На ходу, причесывая вихорцы, замявшиеся под зимней шапкой, Кольша, по своему обыкновению, робко, будто в гостях, прискондыбал к столу, где уже стояла тарелка с хлебом, прикрытая рушником. Голодно пощипывая хлеб из-под накидки, он принялся перелистывать книгу сперва одним только уважительным пальцем, но вскоре уже объял обеими руками и, что-то там вычитывая, сам себе кивая, одобряя, соучастно вскидывал упавшую на лоб кудельку.
- Слушай, чего пишут! - восхищенно обратился он к Катерине, в самый раз подносившей тарелку паривших щей. - "Муравьиные постройки похожи на города с разумной планировкой, многоярусной этажностью, где всему и всем обозначено место.
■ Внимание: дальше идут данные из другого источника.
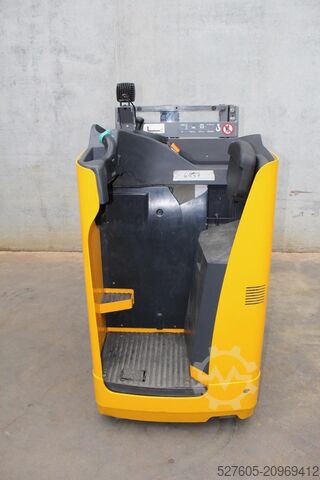 Stacker Jungheinrich ESD 120 201 ZT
Система вентиляции такова, что, пока действует муравейник, ничто, ни единая хвоинка не подвергается гнили, хотя на весь этот органический материал в условиях постоянной влажности неусыпно воздействуют бесчисленные гнилостные организмы". Чудеса! - Кольша восхищенно щелкнул по книге россыпью ногтей. - Никаких тебе дипломов, никаких академий! Спросить: кто их этому научил? А, Кать? Вот кто?..
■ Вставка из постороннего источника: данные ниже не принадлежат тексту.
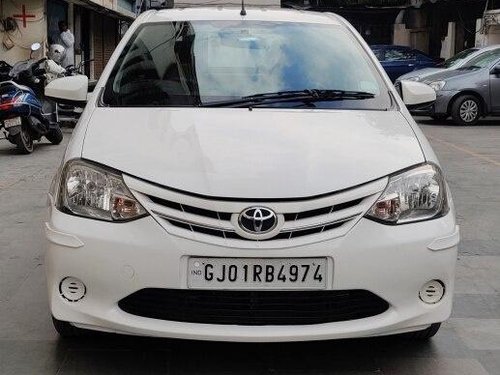 2013 Toyota Etios Liva 1.2 G MT in Ahmedabad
Катерина пожала плечами, потому что действительно не знала такого ответа, а потому привычно, как заведено, приподняла указательный палец к потолку.
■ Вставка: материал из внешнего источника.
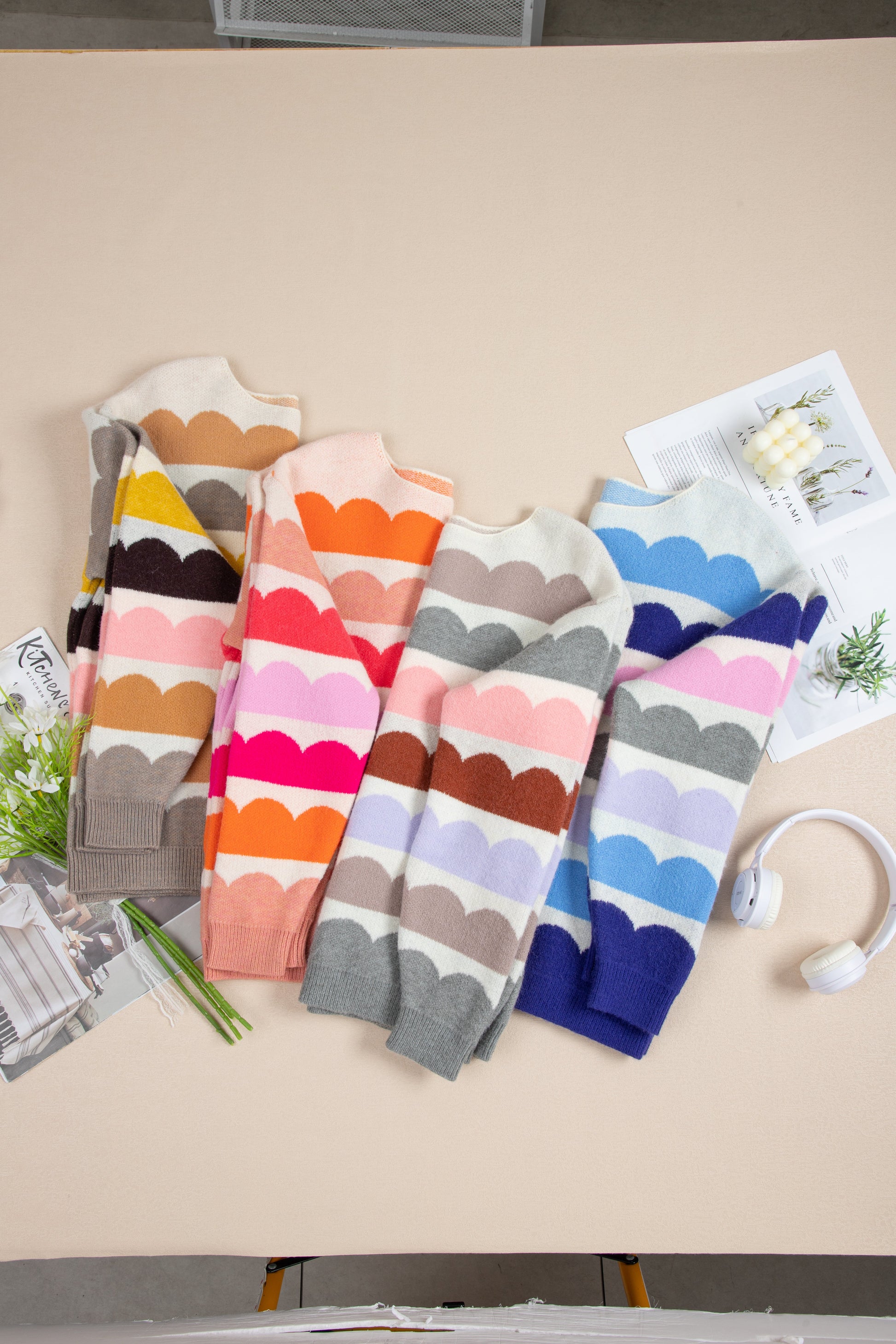 Dark Blue Wave Striped Balloon Sleeve Drop Shoulder Sweater - eAura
- Ой, вряд ли... - восторженно не согласился Кольша. - Не станет Он говорить каждой козявке: ты неси щепочку сюда, а ты - туда, ты клади так, а ты этак... Их же миллионы, каждого не научишь...
- Не знаю, не знаю, Коля. По мне - куча да куча. Ты ешь давай, весь день в печи держала...
- Я так думаю, - не слушал Кольша. - Для такого артельного дела нужен один интерес. Чтоб у каждого с каждым совпадал. Тогда скопом до небес гору насыпешь... или своротишь...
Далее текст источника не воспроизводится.